3. Les pôles de compétitivité : un dispositif menacé ?

Dans le cadre du « Pacte national pour la croissance, la compétitivité et l'emploi », une troisième phase des pôles de compétitivité a été lancée pour la période 2013-2018 . L'objectif prioritaire de cette nouvelle phase est la maximisation son impact économique, envisagée selon deux axes :

- le passage de « l'usine à projets » à « l'usine à produits d'avenir » : cet objectif vise à inciter les pôles à favoriser l'émergence de projets de R&D ayant un impact économique concret, au travers de produits, services et procédés innovants directement commercialisables sur le marché : les pôles ont vocation à accompagner davantage le passage de la R&D à l'industrialisation ;

- l'accompagnement du développement des PME/ETI, dans quatre domaines en particulier : l'accès aux financeurs privés, l'internationalisation des entreprises, l'accompagnent des PME et l'anticipation des besoins en compétences.

Les pôles de compétitivité servent également de support opérationnel aux grands programmes lancés par le Gouvernement (34 plans industriels, French Tech).

Pour le moment, le soutien financier apporté par l'État aux pôles de compétitivité est sanctuarisé, à hauteur de 450 M€ sur la période 2013-2015, répartis entre 15 % pour le financement de la gouvernance des pôles et 85 % pour le financement des projets par le fonds unique interministériel.

Votre rapporteur s'inquiète cependant de la réduction annoncée du soutien de l'État . La position de l'administration est sans ambiguïté sur ce point : « La politique des pôles de compétitivité est amenée à évoluer en fonction du degré de maturité des pôles. L'accroissement des ressources privées des pôles est un objectif clair des prochaines années . Les modèles d'affaires des pôles doivent donc continuer à se consolider ». Lors de son audition, la ministre du logement, de l'égalité des territoires et de la ruralité, a clairement affirmé qu' aucun nouvel appel à projets n'est actuellement envisagé . Votre rapporteur préfère attendre les résultats de l'évaluation en cours pour apprécier l'opportunité d'une baisse des crédits, qui n'est jamais une bonne nouvelle pour le développement économique des territoires.

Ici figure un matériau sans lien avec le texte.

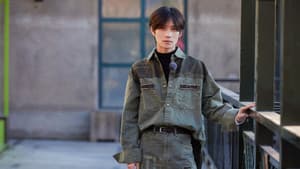 S3 Life Diary EP8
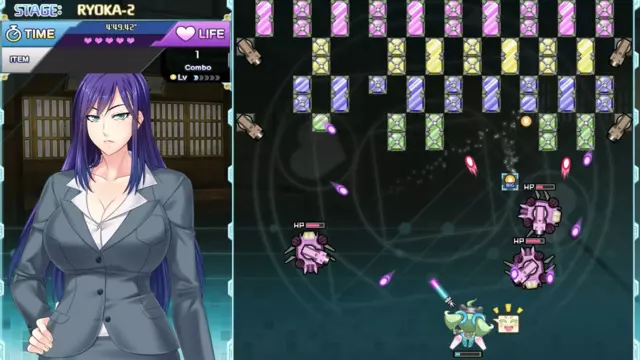 Reservar Pretty Girls Game Collection IV - Imp - EU PS4 Estándar - UE screen 6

4. La fin des grappes d'entreprises

La politique des grappes d'entreprises 3 ( * ) , lancée en 2009 , a pris fin en 2014 . À ce titre, aucun crédit de financement opérationnel n'est prévu depuis la LFI 2014. Le CGET continue cependant à financer l'animation du dispositif par le biais de l'association France Cluster (dont le marché court jusqu'en juin 2015).

Au total, 126 grappes d'entreprises (sur 450 candidatures) ont été labellisées à l'issue de deux appels à projets lancés au mois d'octobre 2009 (42 grappes retenues) et de juin 2010 (84 grappes retenues). Elles ont été soutenues jusqu'à la fin de 2012 pour la première vague et jusqu'à la fin 2013 pour la seconde vague.

Une évaluation du dispositif a été lancée par l'ex-Datar en janvier 2014 . Elle comporte deux volets : la caractérisation des grappes d'entreprises, résultats intermédiaires et qualification des premières retombées économiques et territoriales ; l'évaluation de la politique nationale en faveur des grappes d'entreprises (atteinte des objectifs et articulation avec les autres dispositifs de l'innovation).

Le comité de pilotage de l'étude se compose notamment du CGET, de l'Association des régions de France (ARF), de BPI France, de la Caisse des dépôts et consignations (CDC), des régions, du secrétariat général des affaires régionales (SGAR), de la Direction générale de la compétitivité, de l'industrie et des services (DGCIS) et du Commissariat général à la stratégie et à la prospective (CGSP). Les résultats de cette étude seront connus à la fin de l'année.

Votre rapporteur s'inquiète de la survie d'un certain nombre de ces grappes dans les mois à venir , qui ne disposent pas de la capacité d'autofinancement nécessaire en l'absence du soutien financier de l'État.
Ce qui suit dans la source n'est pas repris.